So	P_iP_j = (3i + 1)(3j + 2)	[36]
Giving	P_iP_j = 9ij + 6i + 3j + 2	[37]
Hence	r(i,j) = 3ij + 2i + j	[38]

For the preceding odd row, i - 1, P_(i-1) = 3i - 1

So	P_(i-1)P_j = (3i - 1)(3j + 2)	[39]
Giving	P_(i-1)P_j = 9ij + 6i - 3j - 2	[40]
Hence	r(i-1,j) = 3ij + 2i - j -1	[41]

Thus, from [38] and [41], the decrement is given by

	r(i,j) - r(i-1,j) = 3ij + 2i + j - (3ij + 2i - j -1)	[42]
	r(i,j) - r(i-1,j) = 2j + 1	[43]

For the further preceding row, i-2, P_(i-2) = 3(i - 2) +1

So	P_(i-2)P_j = (3i - 5)(3j + 2)	[44]
Giving	P_(i-2)P_j = 9ij + 6i - 15j - 10	[45]
Or	P_(i-2)P_j = 9ij + 6(i -2) - 15j + 2	[46]
Hence	r(i-2,j) = 3ij + 2i - 5j - 4	[47]

Thus, from [41] and [47], the decrement is given by

	r(i-1,j) - r(i-2,j) = 3ij + 2i - j -1 - (3ij + 2i - 5j - 4)	[48]
	r(i-1,j) - r(i-2,j) = 4j + 3	[49]

Because the matrix is symmetrical, reflected about the leading diagonal, proceeding along the rows above the leading diagonal is identical to proceeding down the columns below the leading diagonal (with i and j reversed) and so no further analysis of this is necessary.

Implementation

To implement the algorithm it is necessary to define the minimum and maximum range of interest. Let S be the lowest value allowed in the sequence. The baseline P–Number, B, is given by:

B = S(Div 3)

[50]

However, because S may or may not be a prime candidate, we need to find out where it lies in terms of Modulo 6. So we assign it an M value

M = S(Mod 6)

[51]

If M = 0 then the first prime candidate is S + 1 and if M = 1 then the first prime candidate is S, so B is the correct choice for n where P_n is the first of the prime candidates to be checked. However, if M = 2, the first prime candidate is S + 3, but B is the same as for the two previous cases, so n = B + 1. For M = 3, M = 4 and M = 5, B has been increased by 1 so, once again, n = B.

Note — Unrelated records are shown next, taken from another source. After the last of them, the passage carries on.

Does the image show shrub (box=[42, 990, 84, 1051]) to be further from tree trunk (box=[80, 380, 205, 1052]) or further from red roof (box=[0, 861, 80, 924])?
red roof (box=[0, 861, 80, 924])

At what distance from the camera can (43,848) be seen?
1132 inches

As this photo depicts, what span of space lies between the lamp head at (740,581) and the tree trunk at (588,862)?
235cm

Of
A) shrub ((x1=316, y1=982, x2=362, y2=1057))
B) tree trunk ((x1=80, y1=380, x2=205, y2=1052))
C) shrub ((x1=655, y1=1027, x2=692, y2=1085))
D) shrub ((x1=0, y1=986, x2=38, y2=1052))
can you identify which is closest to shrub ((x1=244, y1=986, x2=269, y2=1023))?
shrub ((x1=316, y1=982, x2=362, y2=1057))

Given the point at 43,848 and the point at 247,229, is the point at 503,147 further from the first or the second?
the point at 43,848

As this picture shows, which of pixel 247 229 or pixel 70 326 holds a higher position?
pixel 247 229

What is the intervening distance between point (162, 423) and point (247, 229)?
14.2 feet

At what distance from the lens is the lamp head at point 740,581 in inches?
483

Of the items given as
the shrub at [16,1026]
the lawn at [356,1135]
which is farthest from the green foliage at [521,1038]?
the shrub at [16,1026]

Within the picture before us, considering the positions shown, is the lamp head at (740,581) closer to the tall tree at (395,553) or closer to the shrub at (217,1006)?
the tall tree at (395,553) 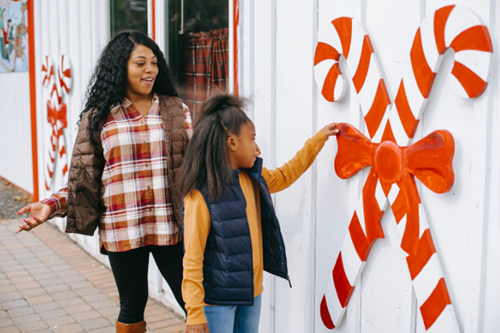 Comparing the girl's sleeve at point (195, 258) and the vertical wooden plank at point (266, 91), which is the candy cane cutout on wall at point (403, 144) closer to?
the vertical wooden plank at point (266, 91)

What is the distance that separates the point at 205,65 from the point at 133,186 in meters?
1.45

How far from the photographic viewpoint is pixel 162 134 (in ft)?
9.63

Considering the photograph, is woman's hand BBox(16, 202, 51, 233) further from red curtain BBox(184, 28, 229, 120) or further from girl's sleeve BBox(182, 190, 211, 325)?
red curtain BBox(184, 28, 229, 120)

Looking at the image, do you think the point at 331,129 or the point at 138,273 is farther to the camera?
the point at 138,273

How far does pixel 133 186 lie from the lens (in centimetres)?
289

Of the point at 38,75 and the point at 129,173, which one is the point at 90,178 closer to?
the point at 129,173

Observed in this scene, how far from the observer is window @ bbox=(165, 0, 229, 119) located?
3779mm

Now consider that the highest value allowed in the sequence is to be less than F. The baseline P Number, B, is given by:

B = F(Div 3)

[52]

However, again because F may or may not be a prime candidate, we need to find out where it lies in terms of Modulo 6. So we assign it an M value

M = F(Mod 6)

[53]

If M= 0 then the last prime candidate is F - 1 and if M = 1 then the last prime candidate is F - 2, so B - 1 is the correct choice for n, where Pn is the last prime candidate to be checked. However, if M = 2, the last prime candidate is F - 1, but B is the same as for the two previous cases so n = B. For M = 3, M = 4 and M = 5, B has been increased by 1 so, once again, n = B - 1. Table 2 illustrates the choice of n(S) and n(F).

S or F	96	97	98	99	100	101
B	32	32	32	33	33	33
M	0	1	2	3	4	5
n(S)	32	32	33	33	33	33
P_s	97	97	101	101	101	101
n(F)	31	31	32	32	32	32
P_f	95	95	97	97	97	97

Table 2: The calculation of n(S) and n(F). P_s and P_f are respectively the first and last prime candidates in a sequence.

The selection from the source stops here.